My favorite brookie spot will soon be snowed in so I need to find a few winter streams that will keep down the cabin fever. I don't really ice fish because I like the exercise I get fishing streams, I come home more relaxed and focused. So please share if you are willing either in the thread or via PM, I will keep a secret if needed.


----------



## wyoming2utah (Sep 12, 2007)

Sevier River....the stream in Marysvale Canyon is fishable much of the winter. I also have enjoyed fishing the Beaver River below Minersville...those are two spots that usually get me through the winter without having to totally store my fly rods!


----------



## brookieguy1 (Oct 14, 2008)

wyoming2utah said:


> Sevier River....the stream in Marysvale Canyon is fishable much of the winter. I also have enjoyed fishing the Beaver River below Minersville...those are two spots that usually get me through the winter without having to totally store my fly rods!
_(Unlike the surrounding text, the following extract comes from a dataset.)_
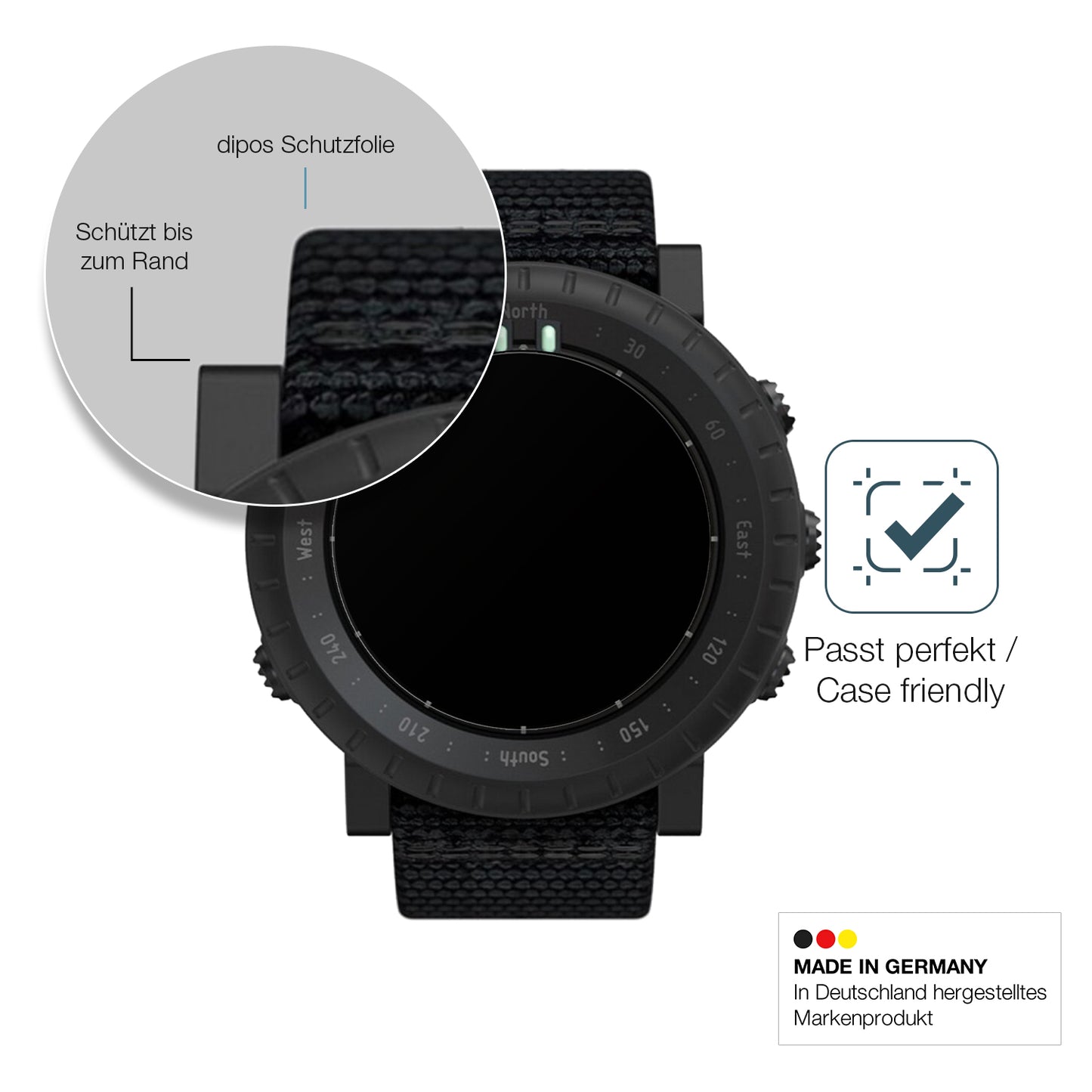 2x 9H Schutzfolie matt für Suunto Core Alpha Panzerfolie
I agree with you on the Sevier being a fine stream, but the poster asked for fat brookies and tigers.
Not much of that in moving water in Utah, I fear.


----------



## 30-06-hunter (Sep 22, 2013)

brookieguy1 said:


> I agree with you on the Sevier being a fine stream, but the poster asked for fat brookies and tigers.
> Not much of that in moving water in Utah, I fear.


All that exercise keeps them skinny!


----------



## brookieguy1 (Oct 14, 2008)

30-06-hunter said:


> All that exercise keeps them skinny!


This is true. The only moving water I can think of with healthy brookies is...P.M. sent.


----------



## Jackalope (Oct 30, 2007)

brookieguy1 said:


> This is true. The only moving water I can think of with healthy brookies is...P.M. sent.


You sure like to bait the hook don't you.

I can only think of one also, but once the snow comes it's either a long walk or a snowmobile. :mrgreen:


----------



## wyoming2utah (Sep 12, 2007)

I watched my younger brother catch a nice big healthy brookie in the Fremont River one winter....that is another option. And, there is a stray chance of catching a tiger in there too!


----------



## brookieguy1 (Oct 14, 2008)

wyoming2utah said:


> I watched my younger brother catch a nice big healthy brookie in the Fremont River one winter....that is another option. And, there is a stray chance of catching a tiger in there too!


Brookie came in from Pine Creek I reckon? Cool catch but a rare occurence I'm sure.


----------